Filmmakers generally want to find a way to justify another film from a story perspective and do more than simply rehash prior successes.
But it's also depressingly common for sequels to kick off by undoing the previous film's ending.
Though it absolutely can work when it feels narratively justified, it often ends up feeling like a cheap, even lazy way to get the band back together for another go-around.
While sequels can rather gently undo what happened at the end of the first film, that couldn't be further from the truth for these sequels, each of which unpicked the previous film's ending in a fashion so aggressive you could almost believe they hated it.
In some cases it might've felt like a necessary evil to justify the movie's existence, though in most instances fans were simply left wondering how there wasn't another way to set the sequel up.
Did these movies really need to undermine so much of what was so beloved the first time around?...
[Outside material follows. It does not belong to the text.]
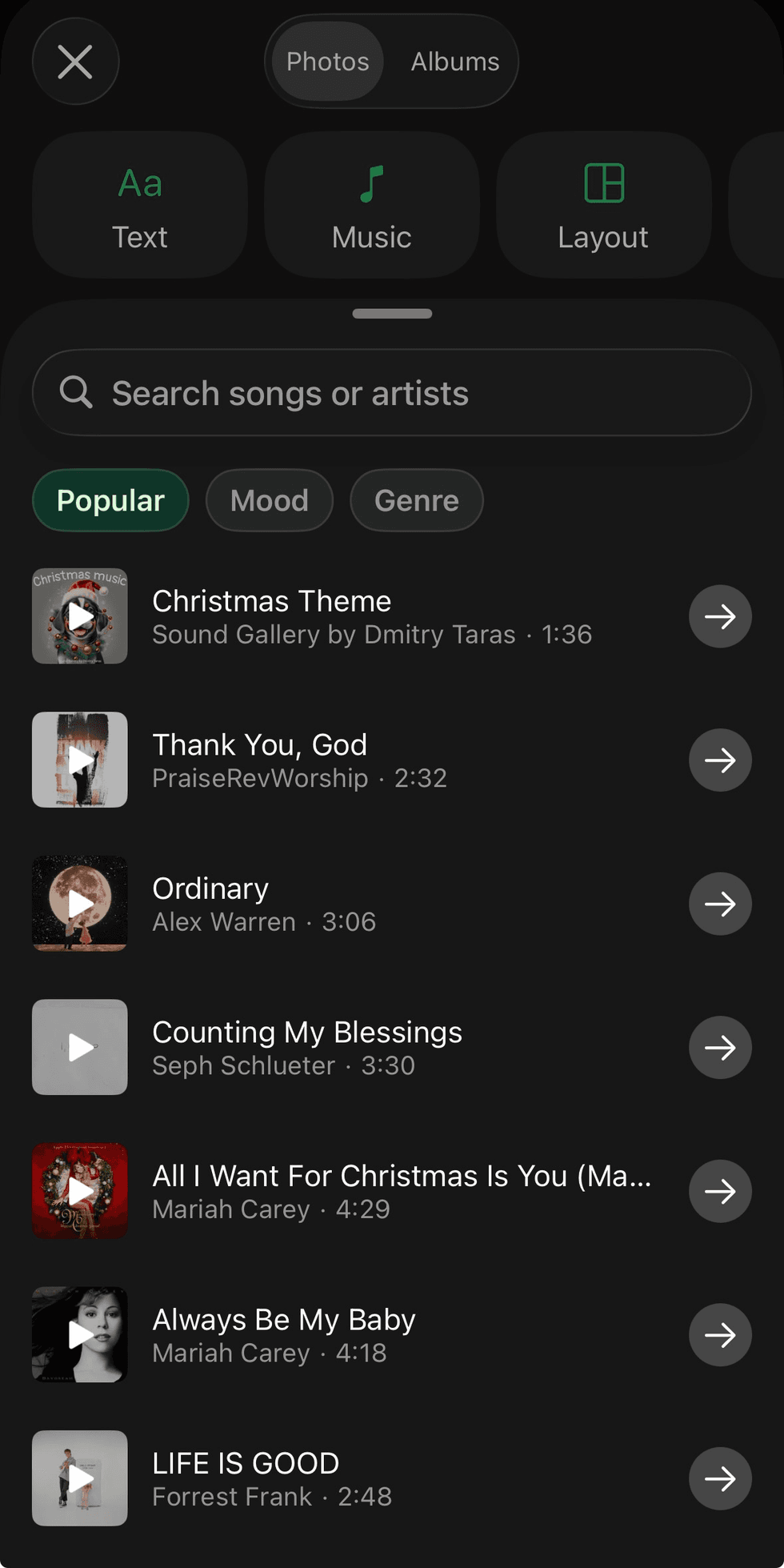 Suggested music displayed for a WhatsApp status update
10. Arthur Isn't The REAL Joker - Joker: Folie à Deux

2019's Joker ended by seemingly cementing Arthur Fleck's (Joaquin Phoenix) transformation into the Clown Prince of Crime as we know him, and it was quite understandably assumed that sequel Joker: Folie à Deux would continue to follow this lead.
However, Todd Phillips' hugely polarising, expectation-defying sequel didn't merely take the bold step of being a musical - it also rubbished the very idea of Arthur being the real Joker at all.
A sequel apparently made solely to flip the bird at anyone who enjoyed the first film, Folie à Deux concludes with Arthur renouncing his Joker persona and taking full responsibility for the crimes he committed in the previous movie.
And if that's not enough, the final scene sees Joker stabbed to death by a fellow prison inmate who carves a smile onto his own face and is very blatantly implied to be the "real" Joker.
So, despite the first film so brilliantly convincing audiences to buy into Arthur as the Joker, the sequel pulled a violent 180 and tossed it all in the trash.